Why mountain bike modifications are the future of road bike performance
The Honda CBR1000RR is a road bike with a reputation for handling well, but the new CBRX4 is the first bike to use the bike’s all-new, ultra-lightweight, and all-aluminum alloy frame.
As part of a series of six road bikes designed to deliver a similar feel and performance as the CBR600R, this one uses the same lightweight aluminum frame as the standard CBR650RR, with the same 700c rims and a lighter carbon fork, but with a larger carbon fiber stem, which increases the bike to 2.3 tons.
Honda says that this new, lighter frame and fork combined with the new carbon fiber fork and stem allow for a more consistent ride without sacrificing stiffness.
But it also adds weight.
The frame weighs 7.5 pounds, while the fork weighs 7 pounds and the stem 6 pounds.
(We’ll have more on the new, light frame later.)
The carbon fiber stems are also longer than usual, so that they don’t stick out too much at the front, which makes for a wider stance on the bike.
But the biggest change is the new rear end.
Honda is using its patented TKC-L1 brake system, which the company says is “tighter, stronger, and lighter than ever before.”
And with the longer carbon fiber rim, it means the brakes can now be used up front, and the front brake lever can be mounted more easily to the handlebar.
This new rear brake lever is longer than the standard lever, and is longer to accommodate a larger brake reservoir, and to accommodate larger calipers.
And Honda says it’s now able to mount the brakes in a more direct, rear-facing position on the frame, instead of the way they’re currently mounted on the rear.
(For those unfamiliar with TKC, it’s a technology that was first developed in the early 2000s and which was later expanded to handle larger caliper sizes, and ultimately the TKC brake system was adopted by Ducati.)
The bike also has a new fork.
The fork is also lighter, at 1.7 pounds, and it has a larger front end, but Honda says its smaller fork also offers increased stiffness, which translates to a lighter, more responsive ride.
(As with the standard fork, the new fork also has carbon fiber spokes.)
And the bike is also now able and willing to use a wider seat post.
Honda claims the seat post can now accommodate a more upright riding position, but this will be more important to the rider when the bike hits the trails.
(In other words, the rider will need to sit farther back in order to fit the seat properly.)
Honda says the seatpost is a combination of a single seat tube and a triple seatpost, with a large tube in the middle that fits on the seat and a smaller tube in a section on the handlebars.
It also has more adjustment, but it is still much easier to adjust the seat angle.

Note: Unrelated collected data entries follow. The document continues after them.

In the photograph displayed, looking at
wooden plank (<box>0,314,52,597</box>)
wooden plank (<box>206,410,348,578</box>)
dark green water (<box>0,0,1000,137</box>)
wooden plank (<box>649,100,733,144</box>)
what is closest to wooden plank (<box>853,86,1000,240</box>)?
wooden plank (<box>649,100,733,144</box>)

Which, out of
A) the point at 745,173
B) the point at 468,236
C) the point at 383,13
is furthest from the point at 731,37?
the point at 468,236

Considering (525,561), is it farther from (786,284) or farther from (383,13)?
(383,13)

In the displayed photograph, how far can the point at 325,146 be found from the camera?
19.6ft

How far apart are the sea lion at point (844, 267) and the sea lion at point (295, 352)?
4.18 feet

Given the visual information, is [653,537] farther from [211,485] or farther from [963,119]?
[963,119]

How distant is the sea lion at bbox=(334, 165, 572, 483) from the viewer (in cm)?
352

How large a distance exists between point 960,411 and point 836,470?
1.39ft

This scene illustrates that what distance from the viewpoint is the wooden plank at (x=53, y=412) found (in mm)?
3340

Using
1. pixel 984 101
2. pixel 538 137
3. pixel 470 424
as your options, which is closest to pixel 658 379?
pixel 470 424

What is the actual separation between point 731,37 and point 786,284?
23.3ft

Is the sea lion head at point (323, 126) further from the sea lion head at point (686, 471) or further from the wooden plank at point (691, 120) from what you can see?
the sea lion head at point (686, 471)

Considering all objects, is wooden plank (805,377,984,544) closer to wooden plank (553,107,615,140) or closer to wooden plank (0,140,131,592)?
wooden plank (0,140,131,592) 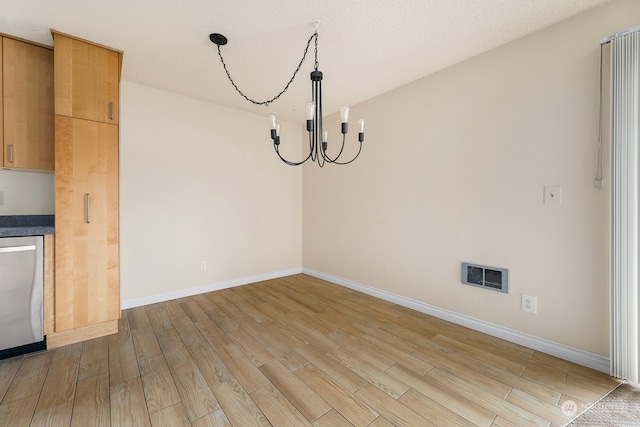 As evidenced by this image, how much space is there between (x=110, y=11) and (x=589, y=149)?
347cm

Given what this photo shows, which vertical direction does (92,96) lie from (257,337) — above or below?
above

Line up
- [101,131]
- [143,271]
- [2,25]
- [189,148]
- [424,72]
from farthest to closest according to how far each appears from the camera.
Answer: [189,148] → [143,271] → [424,72] → [101,131] → [2,25]

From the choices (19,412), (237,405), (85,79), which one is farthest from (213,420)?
(85,79)

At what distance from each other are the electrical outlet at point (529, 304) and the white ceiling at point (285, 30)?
2080 millimetres

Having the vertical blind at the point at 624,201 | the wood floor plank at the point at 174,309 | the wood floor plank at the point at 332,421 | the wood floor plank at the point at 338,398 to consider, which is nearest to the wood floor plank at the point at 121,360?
the wood floor plank at the point at 174,309

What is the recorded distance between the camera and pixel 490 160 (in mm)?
2301

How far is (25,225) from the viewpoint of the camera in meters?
2.36

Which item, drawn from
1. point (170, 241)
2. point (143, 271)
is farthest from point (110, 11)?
point (143, 271)

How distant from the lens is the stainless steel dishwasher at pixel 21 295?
→ 1901 mm

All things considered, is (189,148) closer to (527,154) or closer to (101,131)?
(101,131)

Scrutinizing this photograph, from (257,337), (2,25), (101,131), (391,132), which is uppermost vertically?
(2,25)

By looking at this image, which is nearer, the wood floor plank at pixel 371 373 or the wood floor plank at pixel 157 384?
the wood floor plank at pixel 157 384

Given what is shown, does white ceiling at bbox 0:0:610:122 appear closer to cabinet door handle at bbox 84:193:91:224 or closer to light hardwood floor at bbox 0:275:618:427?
cabinet door handle at bbox 84:193:91:224

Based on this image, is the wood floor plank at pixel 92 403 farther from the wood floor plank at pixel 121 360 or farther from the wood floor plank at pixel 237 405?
the wood floor plank at pixel 237 405
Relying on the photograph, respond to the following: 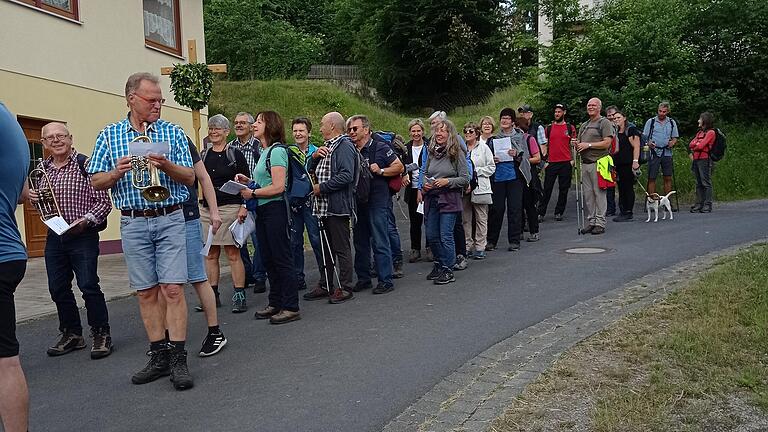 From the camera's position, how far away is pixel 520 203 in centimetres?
1044

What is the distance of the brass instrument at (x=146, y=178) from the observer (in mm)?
4656

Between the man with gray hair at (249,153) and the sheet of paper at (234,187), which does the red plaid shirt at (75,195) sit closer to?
the sheet of paper at (234,187)

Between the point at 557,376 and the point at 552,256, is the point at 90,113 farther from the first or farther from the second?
the point at 557,376

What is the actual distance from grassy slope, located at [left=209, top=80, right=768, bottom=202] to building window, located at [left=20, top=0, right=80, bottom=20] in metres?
11.7

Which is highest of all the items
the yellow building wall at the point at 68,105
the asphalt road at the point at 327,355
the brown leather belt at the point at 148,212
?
the yellow building wall at the point at 68,105

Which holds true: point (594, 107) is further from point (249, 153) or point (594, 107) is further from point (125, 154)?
point (125, 154)

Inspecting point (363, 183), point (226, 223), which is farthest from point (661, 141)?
point (226, 223)

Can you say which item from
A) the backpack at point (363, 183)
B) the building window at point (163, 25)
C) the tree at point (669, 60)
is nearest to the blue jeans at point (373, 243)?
the backpack at point (363, 183)

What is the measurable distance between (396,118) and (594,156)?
21718 mm

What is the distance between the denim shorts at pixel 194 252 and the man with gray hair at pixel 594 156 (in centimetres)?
763

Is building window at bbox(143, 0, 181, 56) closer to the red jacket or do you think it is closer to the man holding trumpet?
the man holding trumpet

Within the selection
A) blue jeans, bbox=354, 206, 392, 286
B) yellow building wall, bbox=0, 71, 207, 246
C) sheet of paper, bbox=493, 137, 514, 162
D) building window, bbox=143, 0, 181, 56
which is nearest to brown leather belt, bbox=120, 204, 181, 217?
blue jeans, bbox=354, 206, 392, 286

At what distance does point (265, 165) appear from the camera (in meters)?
6.70

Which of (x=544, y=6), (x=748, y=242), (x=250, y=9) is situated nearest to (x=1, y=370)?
(x=748, y=242) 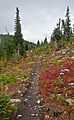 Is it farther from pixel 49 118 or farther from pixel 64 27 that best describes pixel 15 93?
pixel 64 27

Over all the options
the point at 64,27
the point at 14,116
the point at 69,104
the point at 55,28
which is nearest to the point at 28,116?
the point at 14,116

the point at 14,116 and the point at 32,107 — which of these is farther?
the point at 32,107

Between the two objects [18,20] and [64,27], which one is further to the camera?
[64,27]

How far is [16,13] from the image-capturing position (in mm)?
28109

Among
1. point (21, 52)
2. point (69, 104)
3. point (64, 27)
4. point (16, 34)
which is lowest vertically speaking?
point (69, 104)

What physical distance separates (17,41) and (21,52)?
14.1 ft

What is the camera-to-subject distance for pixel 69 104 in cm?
498

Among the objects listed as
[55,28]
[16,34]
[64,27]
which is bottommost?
[16,34]

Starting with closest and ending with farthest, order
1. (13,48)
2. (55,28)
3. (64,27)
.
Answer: (13,48) → (55,28) → (64,27)

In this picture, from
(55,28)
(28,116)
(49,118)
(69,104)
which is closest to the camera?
(49,118)

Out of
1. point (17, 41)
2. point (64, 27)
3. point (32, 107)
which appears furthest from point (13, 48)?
point (64, 27)

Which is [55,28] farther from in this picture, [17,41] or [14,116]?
[14,116]

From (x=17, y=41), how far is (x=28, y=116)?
2624 centimetres

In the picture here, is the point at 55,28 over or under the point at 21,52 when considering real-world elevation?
over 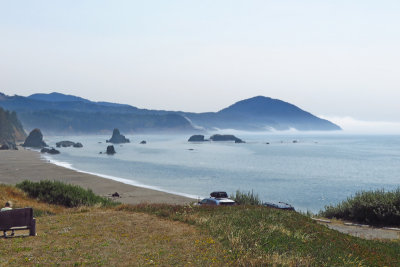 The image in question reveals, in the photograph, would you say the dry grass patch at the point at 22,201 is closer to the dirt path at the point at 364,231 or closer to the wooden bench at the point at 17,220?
the wooden bench at the point at 17,220

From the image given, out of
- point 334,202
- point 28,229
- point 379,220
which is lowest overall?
point 334,202

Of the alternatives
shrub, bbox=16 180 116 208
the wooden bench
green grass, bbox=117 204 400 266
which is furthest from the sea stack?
the wooden bench

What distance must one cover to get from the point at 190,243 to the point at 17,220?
260 inches

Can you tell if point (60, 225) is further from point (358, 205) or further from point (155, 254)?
point (358, 205)

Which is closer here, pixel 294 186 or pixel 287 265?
pixel 287 265

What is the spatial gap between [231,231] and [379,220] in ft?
46.4

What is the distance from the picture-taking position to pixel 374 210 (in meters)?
23.2

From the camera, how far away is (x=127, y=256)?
11562 mm

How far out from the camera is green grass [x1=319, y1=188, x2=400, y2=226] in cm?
2331

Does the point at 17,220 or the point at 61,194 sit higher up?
the point at 17,220

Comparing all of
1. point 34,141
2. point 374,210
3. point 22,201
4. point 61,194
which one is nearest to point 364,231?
point 374,210

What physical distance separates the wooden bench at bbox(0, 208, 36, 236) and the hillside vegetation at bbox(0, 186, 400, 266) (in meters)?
0.59

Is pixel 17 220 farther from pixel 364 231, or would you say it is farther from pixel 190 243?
pixel 364 231

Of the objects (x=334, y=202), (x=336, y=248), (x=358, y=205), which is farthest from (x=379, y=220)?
(x=334, y=202) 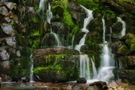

The seatpost has a carbon fiber pad at the base of the post, and a carbon-fiber inner sleeve.
The bike is now also able to use three different grips.
These are called Sport and Elite, and are designed to provide a more aggressive ride, and more precise grip.
(The Elite grip has a large hole in the center for a seat strap.)
The seat post has a different design than the normal seatpost.
It has an opening that allows the rider to use either a standard seatpost or the extra-wide Elite seatpost that was introduced in 2017.
This seatpost was developed specifically for the CB250R.
It is lighter and more responsive, but is also much easier for the rider.
The Elite grip is designed to be the standard for the next-generation CBR250R, which will also use the same technology, but will be taller and have a wider grip area.
And while it may seem like a lot of extra hardware, Honda says this new system makes the bike even more responsive.
The carbon-carbon inner sleeve also comes in two sizes, which means the rider can fit a different bike-specific grip.
The handlebars are a little different from the CBRs before, but they’re still the same height, and they still have the same handlebar-to-seat post height adjustment.
The new frame is also significantly lighter.
The front and rear suspension have also been redesigned.
Honda calls the rear suspension a “superlative design” that has been designed to achieve a more precise ride.
This design allows the bike not only to have the handling characteristics of a roadbike, but also to have a smooth, controlled ride, with no feel of being “oversteer-sensitive,” Honda says.
(This is important to note because when it comes to handling, the ABS in a road car is often oversteer, which can make it difficult to steer.)